**What is expected**
Of the material below, the lines to be retyped are those from the line containing "展览器材展(中国国际影像和摄影器材展览会（上海）你来吗？)" through the line containing "以太币多少钱一个？以太币今日咨询行情(现价28151.5元)", inclusive; reproduce them exactly.
Segment Start: Records for the task
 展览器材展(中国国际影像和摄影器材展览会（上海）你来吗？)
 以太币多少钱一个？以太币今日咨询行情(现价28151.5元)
Segment End: Records for the task
Segment Start: Records for the task
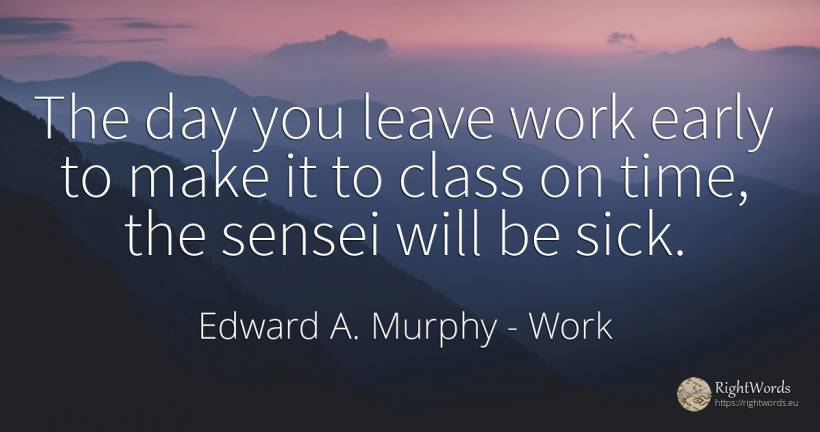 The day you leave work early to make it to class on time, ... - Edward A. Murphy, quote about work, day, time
Segment End: Records for the task
Segment Start: Records for the task
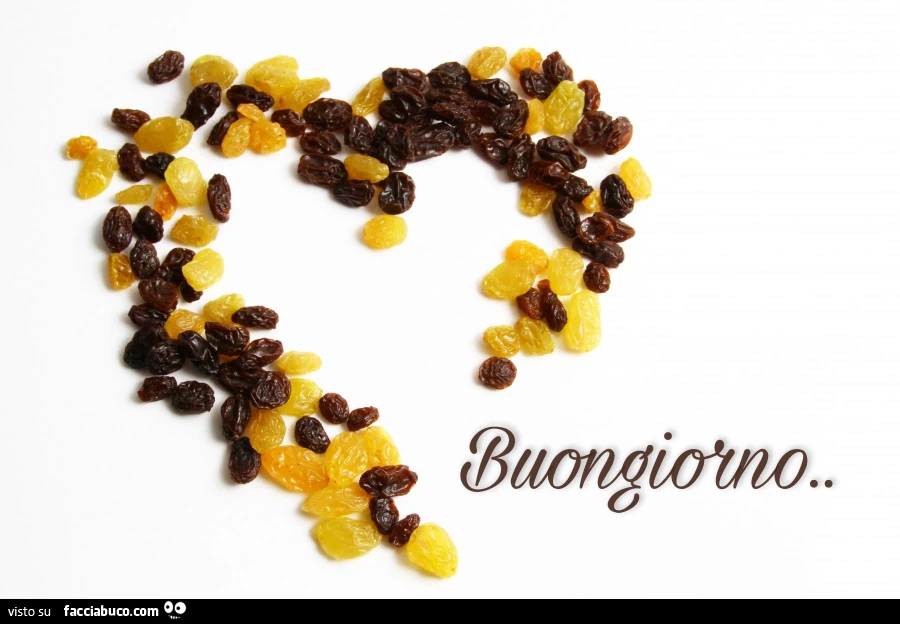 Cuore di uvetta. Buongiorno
Segment End: Records for the task
**Finished exercise**
 展览器材展(中国国际影像和摄影器材展览会（上海）你来吗？)
 以太币多少钱一个？以太币今日咨询行情(现价28151.5元)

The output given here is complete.